Four PCI Express are reserved for various devices, such as sound cards, to not having to impair the FCH and configurable as single lines, double lines, two singles and a double line or a single x4 interface.

Sixteen lines are used for discrete graphics cards, configured in a x16 interface or two x8 interfaces, for CrossFire.

Alternatively, interfaces can be configured as x8 video outputs, in order to use the Eyefinity technology, losing the possibility of CrossFire/DualGraphics.

The remaining 8 lines are used to implement HDMI, DVI and Display Port interfaces.

The gray BUS that you see on the side of the CNB and the CIF is the only bus connection onto which all the core are connected and on which they are enabled to communicate, in turn, from the CIF block.

Integrated RAM Controller

The Llano RAM controller supports dual independent 64-bit channel of DDR3 RAM with 8-bit and 16 bit chip, supporting chip and channel interleaving useful to increase performance by reading consecutive data from several chips in parallel, includes scheduling algorithms for the opening and closing of memory pages, especially optimized for interspersed read and write streams, includes scheduling algorithms to optimize the interspersed data flow from the CPU+Onion and Garlic interfaces and includes an hardware prefetcher.

In particular, the pages used by the GPU accesses are closed immediately, because they generally are streaming accesses, to free pages for CPU accesses, typically more varied.

The data loaded by the prefetcher are maintained in the controller itself and not speculatively sent to L1 and L2 caches.

The prefetcher is able to capture both increasing or decreasing access trends even with non-uniform spacing, using as measure unit the cache line (64 bytes) and is able to detect even separate sequences of accesses. Llano also can keep track of 8 sequences of accesses simultaneously (Stars architecture can keep track of 5 of it).

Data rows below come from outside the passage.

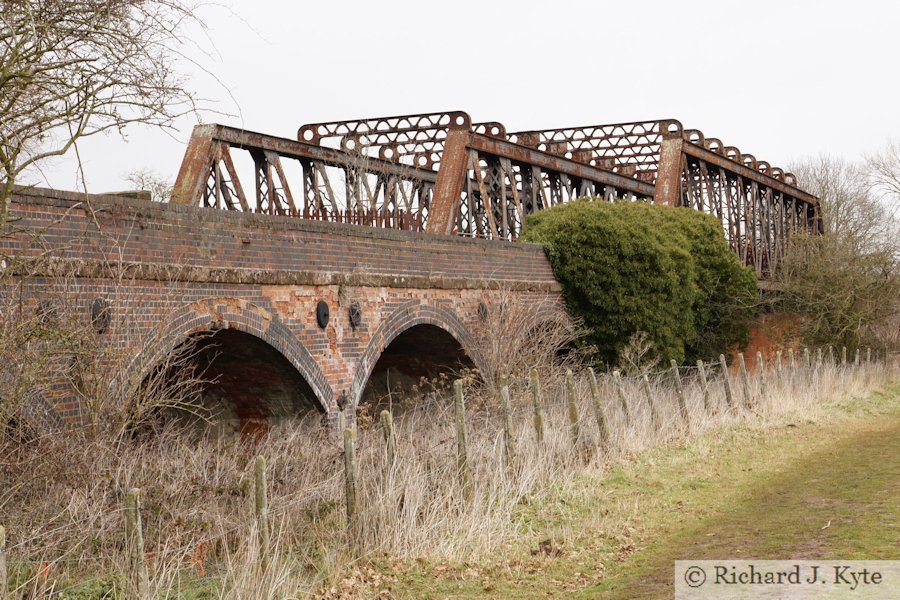 Former Railway Bridge over the River Avon, Stratford-upon-Avon, Warwickshire Former Railway Bridge over the River Avon, Stratford-upon-Avon, Warwickshire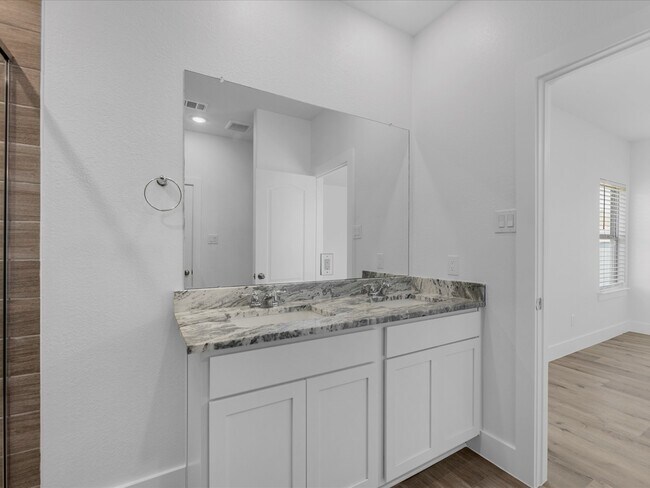 Building Photo - 24751 Russet Bluff Trl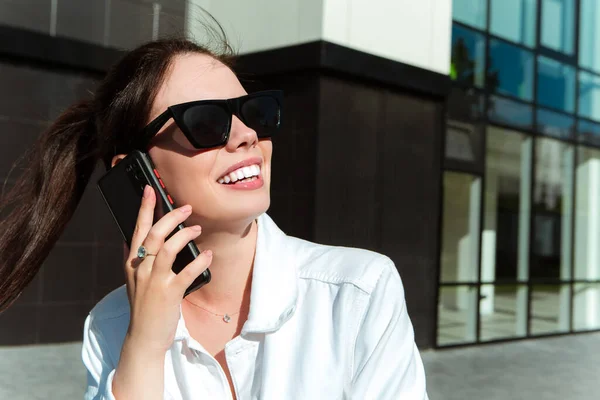 Portrait Smiling Caucasian Woman White Teeth Talking Phone Having Pleasant — Stock Photo, Image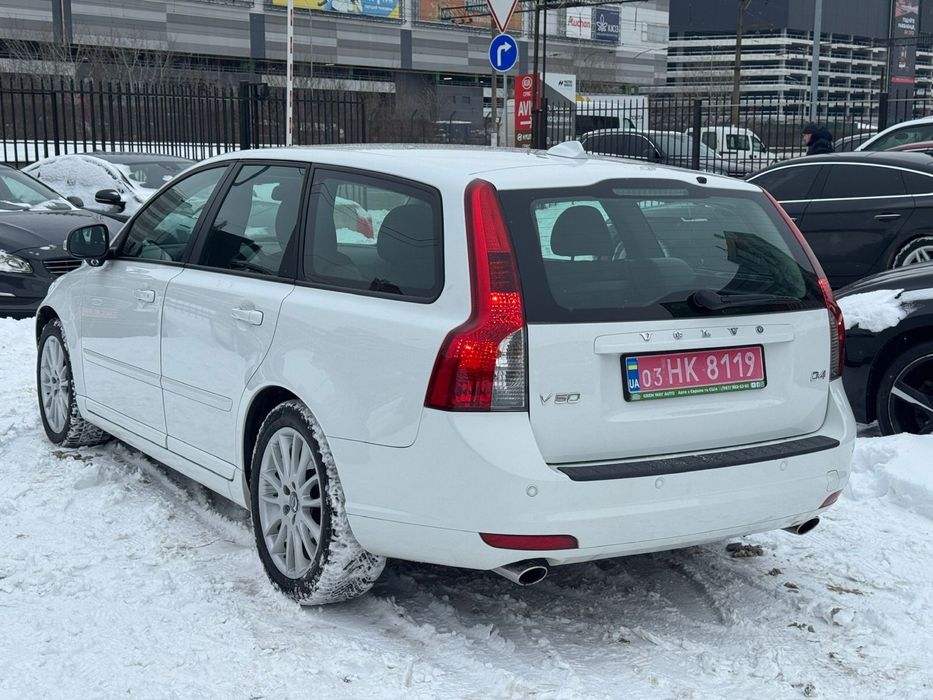 Volvo V50  2.0  D4  автомат з Швейцарії ВІДЕО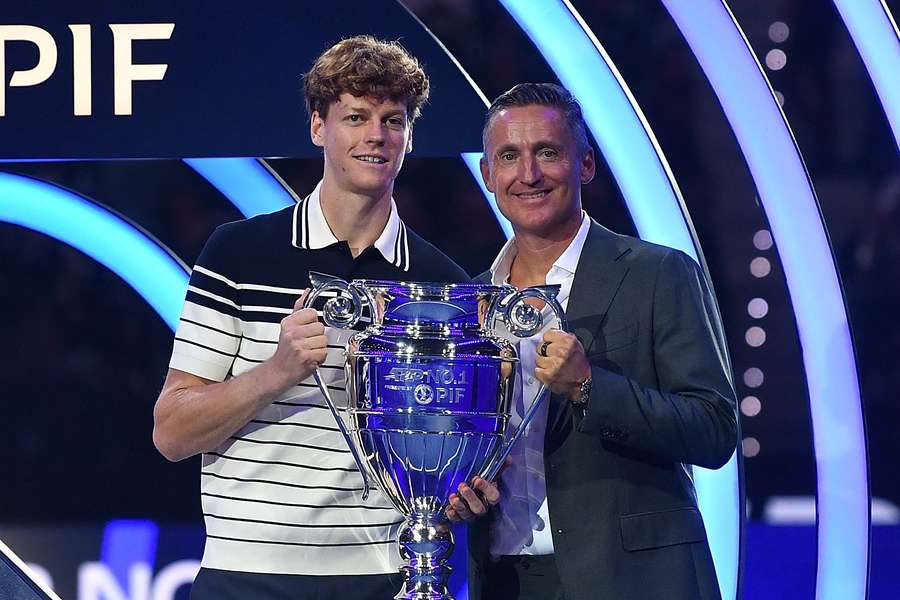 Andrea Gaudenzi reikt de trofee voor de beste ATP-speler uit aan Jannik Sinner tijdens de ATP Finals in Turijn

The Llano memory controller has been greatly improved compared to the Stars cores. It was improved internal efficiency and prefetching algorithms, in particular the Llano core is able to better recognize patterns of memory access, because it is able to associate the actual instruction that accesses memory (IP-based prefetching) and thus is no longer distracted by other instructions in between. In addition, internal buffers have been increased.

The supported RAM frequency was increased up to 1866 MHz (with one DIMM per channel only), compared to the 1333 MHz of the previous generation. On the other hand DDR2 memory, 4-bit chip and ECC correction support was removed, the latter typically used on the server side.